Humility: The Unpopular Virtue

Humility was even less popular in the Greco-Roman world than it is today, with detractors voicing their disgust with it even more vehemently. When Greco-Roman thinkers like Aristotle critiqued humility in this way, they were not entirely unjustified in so thinking. Their concern was that the natural human desire for greatness (or “magnanimity”) could be too easily suppressed, yielding pusillanimity rather than nobility.

Similarly, contemporary concerns about humility often have valid concern behind them. There are problems in many communities in which humility is used as a tool of oppression by the strong.
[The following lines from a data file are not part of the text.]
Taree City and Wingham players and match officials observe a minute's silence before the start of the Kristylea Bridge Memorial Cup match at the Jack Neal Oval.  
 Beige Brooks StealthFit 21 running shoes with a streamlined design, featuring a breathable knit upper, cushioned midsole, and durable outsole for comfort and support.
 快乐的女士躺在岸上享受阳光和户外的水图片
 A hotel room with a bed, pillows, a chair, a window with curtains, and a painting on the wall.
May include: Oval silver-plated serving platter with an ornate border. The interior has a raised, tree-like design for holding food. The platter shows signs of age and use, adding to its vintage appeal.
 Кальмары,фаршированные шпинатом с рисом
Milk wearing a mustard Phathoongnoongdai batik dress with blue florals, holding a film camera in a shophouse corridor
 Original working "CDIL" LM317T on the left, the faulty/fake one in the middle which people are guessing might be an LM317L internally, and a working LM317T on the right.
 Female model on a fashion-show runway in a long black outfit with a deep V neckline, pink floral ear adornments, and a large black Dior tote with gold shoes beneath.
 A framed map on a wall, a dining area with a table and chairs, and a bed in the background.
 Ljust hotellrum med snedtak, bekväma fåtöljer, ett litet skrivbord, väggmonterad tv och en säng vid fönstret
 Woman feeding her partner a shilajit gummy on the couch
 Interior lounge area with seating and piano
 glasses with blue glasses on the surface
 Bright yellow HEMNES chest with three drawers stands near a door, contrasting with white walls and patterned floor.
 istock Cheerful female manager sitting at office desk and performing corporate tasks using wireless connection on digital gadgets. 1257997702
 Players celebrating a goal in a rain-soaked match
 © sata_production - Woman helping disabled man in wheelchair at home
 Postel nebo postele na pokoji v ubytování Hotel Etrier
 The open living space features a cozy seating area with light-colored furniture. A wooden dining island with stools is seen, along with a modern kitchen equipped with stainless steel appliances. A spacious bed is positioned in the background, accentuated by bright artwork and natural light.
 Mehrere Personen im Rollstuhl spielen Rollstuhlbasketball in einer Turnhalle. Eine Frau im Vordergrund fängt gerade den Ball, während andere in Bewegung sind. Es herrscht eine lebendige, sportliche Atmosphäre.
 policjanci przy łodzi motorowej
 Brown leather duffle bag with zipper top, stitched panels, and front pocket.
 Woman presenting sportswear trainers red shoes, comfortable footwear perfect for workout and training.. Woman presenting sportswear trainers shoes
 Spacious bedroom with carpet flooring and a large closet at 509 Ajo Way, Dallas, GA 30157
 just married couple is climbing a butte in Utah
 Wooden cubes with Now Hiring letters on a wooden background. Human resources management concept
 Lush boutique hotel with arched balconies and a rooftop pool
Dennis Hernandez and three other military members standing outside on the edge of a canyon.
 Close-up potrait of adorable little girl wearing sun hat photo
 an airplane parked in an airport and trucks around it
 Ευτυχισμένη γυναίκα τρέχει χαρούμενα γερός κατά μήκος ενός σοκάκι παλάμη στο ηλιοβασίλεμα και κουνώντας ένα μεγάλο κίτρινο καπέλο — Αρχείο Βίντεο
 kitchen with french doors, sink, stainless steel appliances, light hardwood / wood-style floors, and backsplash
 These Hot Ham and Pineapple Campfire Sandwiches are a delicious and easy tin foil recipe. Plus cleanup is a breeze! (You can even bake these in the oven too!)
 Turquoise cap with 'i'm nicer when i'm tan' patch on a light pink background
And this is true just as much in the academy (where professors may shush students, or where calls to intellectual humility may mask an effort simply to silence an alternative view) as it is in families, churches, businesses and governments.

From the Cross to the Throne: Following the Humble Lamb Who Was Slain

But as early Christians were also aware, followers of Jesus have a countervailing force to consider as well. The lamb slain on the cross is also the lamb exalted to the throne:

Then I looked, and I heard around the throne and the living creatures and the elders the voice of many angels, numbering myriads of myriads and thousands of thousands, “Worthy is the Lamb who was slain, to receive power and wealth and wisdom and might and honor and glory and blessing!” And I heard every creature in heaven and on earth and under the earth and in the sea, and all that is in them, saying, “To him who sits on the throne and to the Lamb be blessing and honor and glory and might forever and ever!” (Revelation 5:11-13)

The humiliation of Christ described in Philippians 2 does nothing to detract from his divine authority and worthiness, as the end of the Christ-hymn indicates, Moses, the man described in Scripture as consummately humble, is nevertheless granted perhaps the closest communion with God ever experienced this side of heaven.

Buried in the Christian faith that made humility a blockbuster virtue, there are signs everywhere that the kind of humility God reveals in Christ, and that Christ-followers seek to cultivate, is not the sort that leads to moral and intellectual dead ends—

“I am worthless.”

“I’m just not good enough.”

“My intellectual abilities are just too limited.”

“Know your place.”

The case can be made, in fact, that this is a modern, somewhat secular counterfeit of the virtue. Instead, the kind of humility that Jesus embodies and commands is the kind that marks a constant expansion of boundaries, that empowers the weak to lead the strong, and that privileges the marginalized over the privileged. This kind of humility is worth holding on to, even if we must do so with eyes wide open to its risks.